SOURCE MATERIAL:
#####
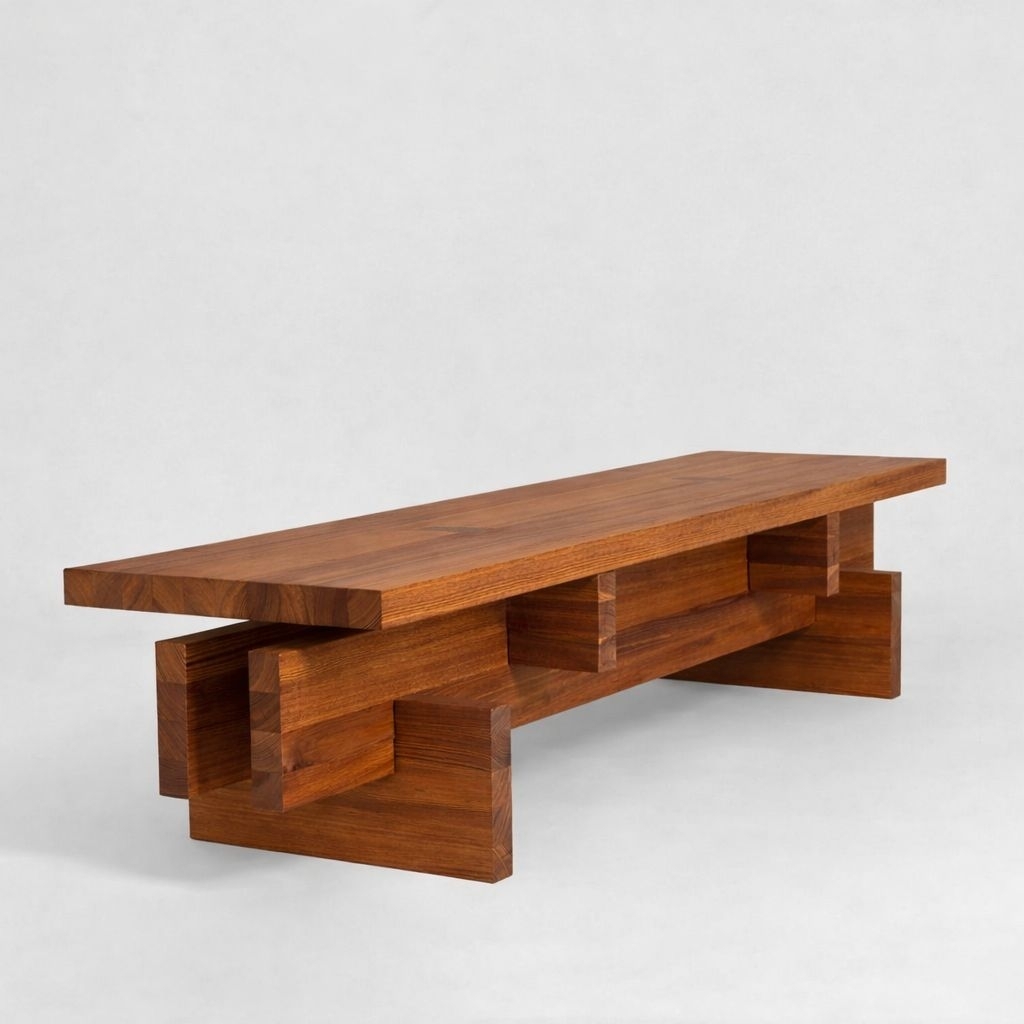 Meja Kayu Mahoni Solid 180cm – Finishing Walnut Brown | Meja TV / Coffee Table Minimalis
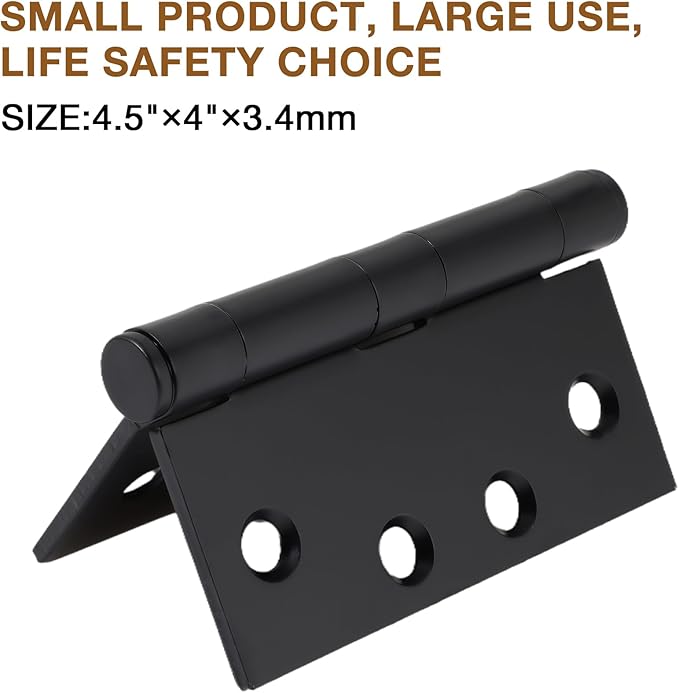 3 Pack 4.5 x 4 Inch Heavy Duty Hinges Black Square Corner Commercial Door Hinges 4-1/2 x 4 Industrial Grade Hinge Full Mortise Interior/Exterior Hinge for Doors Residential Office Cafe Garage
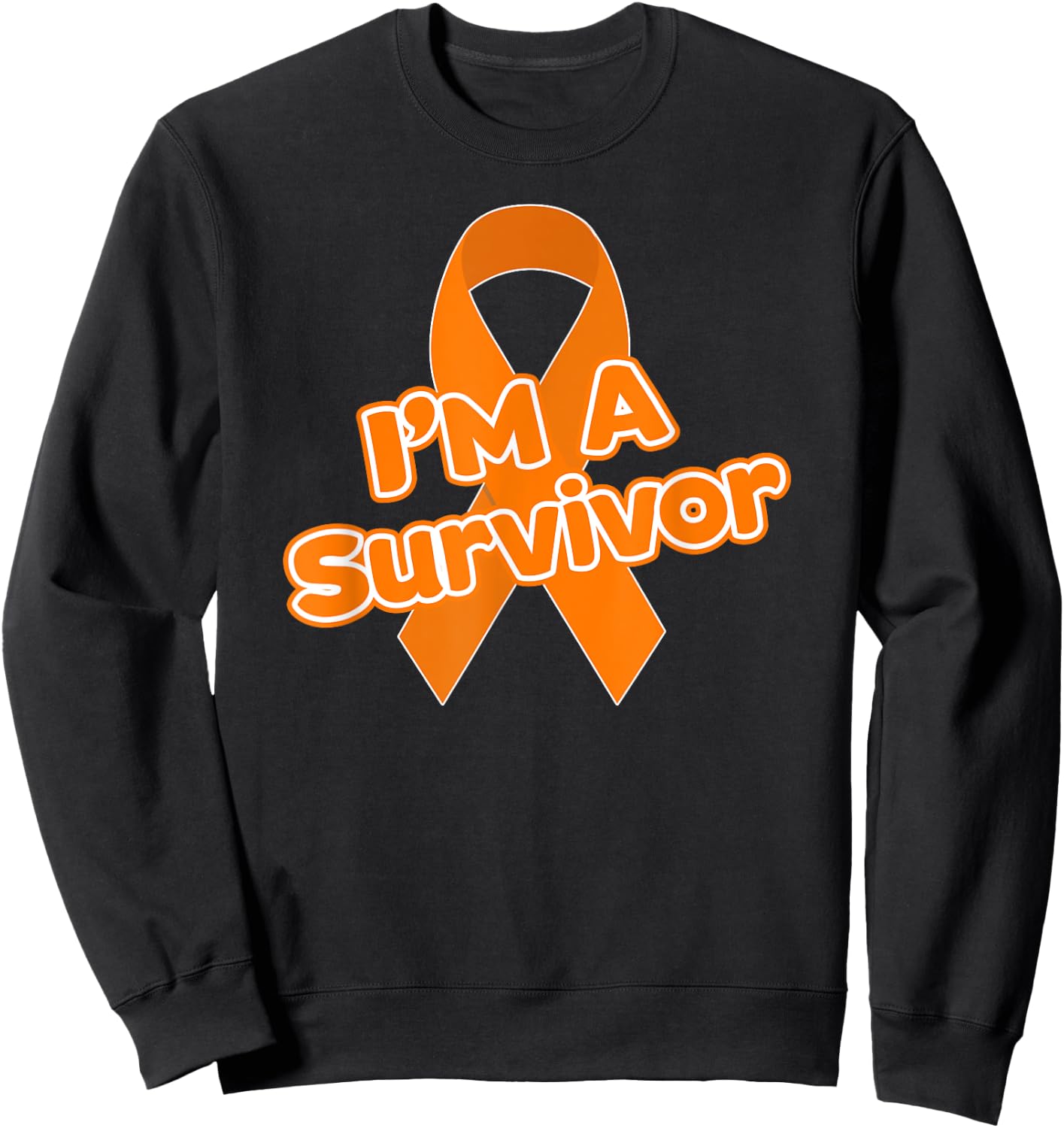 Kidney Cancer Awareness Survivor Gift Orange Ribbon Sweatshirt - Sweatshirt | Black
#####
EXERCISE AIM: Set the listing above down again exactly, leaving pictures out.

ANSWER TO THE PROBLEM:
 Meja Kayu Mahoni Solid 180cm – Finishing Walnut Brown | Meja TV / Coffee Table Minimalis
 3 Pack 4.5 x 4 Inch Heavy Duty Hinges Black Square Corner Commercial Door Hinges 4-1/2 x 4 Industrial Grade Hinge Full Mortise Interior/Exterior Hinge for Doors Residential Office Cafe Garage
 Kidney Cancer Awareness Survivor Gift Orange Ribbon Sweatshirt - Sweatshirt | Black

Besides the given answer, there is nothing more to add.